I needed a broodmare on a breeding loan myself and was lucky enough to find an excellent mare that suited my requirements last year and is now with me and due a foal in April and I have to say I will be sad when she goes back as she really has become part of the family in her short time in my care!  Your mare sounds like something I would have been interested in at the time - although I'm totally sorted now! I'm sure there must be more people out there looking...

Probably the time of year, bad weather, muddy fields and lack of cash putting a few off.

Maybe worth sending a few emails to some reputable studs that your mare would fit into their programme, if she has fab breeding etc etc she may be a useful mare to add to their herd on a loan basis ? 

Sorry can't help much! Good luck with your search.


----------



## crabbymare (3 February 2015)

People are looking now but its still a bit early as everywhere is so wet. I know someone who is actively looking for 2 but sadly for you she is not in this country so no good for your mare. what are her bloodlines as someone may be able to advise of a stud that may be interested in using her type of pedigree


----------



## PorkChop (3 February 2015)

What has she done so far competition wise?  Has she proven herself?

As someone who has bred a few foals for myself over the years, I personally wouldn't be interested in loaning a mare to breed from.  I know how expensive and risky it can be, and I don't think I would be prepared to take that risk with someone else's horse.

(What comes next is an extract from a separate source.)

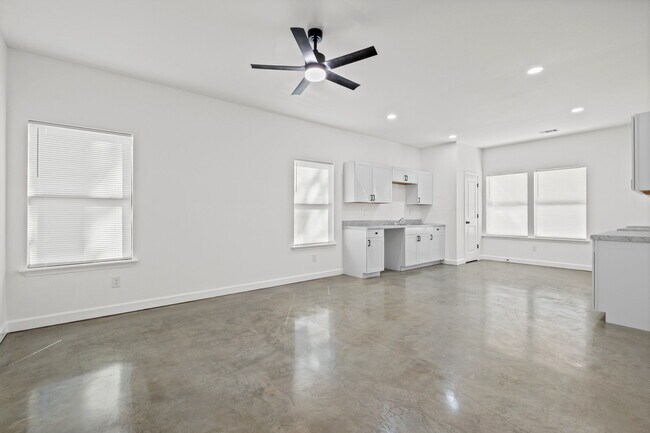 Building Photo - 5694 Myers Rd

I agree with GemG, I would contact some studs to see if this might interest them


----------



## Toraylac (3 February 2015)

Yes she has proven her self in Affiliated Dressage and has passed the very tough Mare Performance Test, And yes she has got top breeding ( don't want to go in to too much detail). I feel sorry for her as she is such a good mother and now hasn't got a job and i am not in a position to bring her back in to work. I have contacted quite a few studs that I know so will see how things progress.


----------



## ihatework (3 February 2015)

Well if she is young, sound with MPT & competition history why not just put her back to work?


----------



## Toraylac (3 February 2015)

ihatework said:



			Well if she is young, sound with MPT & competition history why not just put her back to work?
		
Click to expand...

Unfortunately, due to illness and time constraints I am not in a position to bring her back in to work. I am already struggling to exercise my 5 yr old Sandro Hit gelding as well as look after my family


----------



## SpringArising (3 February 2015)

LJR said:



			I personally wouldn't be interested in loaning a mare to breed from.  I know how expensive and risky it can be, and I don't think I would be prepared to take that risk with someone else's horse.
		
Click to expand...

Agree with this.

How would it work, anyway? Loaner pays the stud fee and then keeps the foal?


----------



## Toraylac (3 February 2015)

SpringArising said:



			Agree with this.

How would it work, anyway? Loaner pays the stud fee and then keeps the foal?
		
Click to expand...

Yes that is how it works


----------



## Rollin (3 February 2015)

I think breeding loan works much better if both parties know each other.  If I lent a mare I would want to know she was well cared for.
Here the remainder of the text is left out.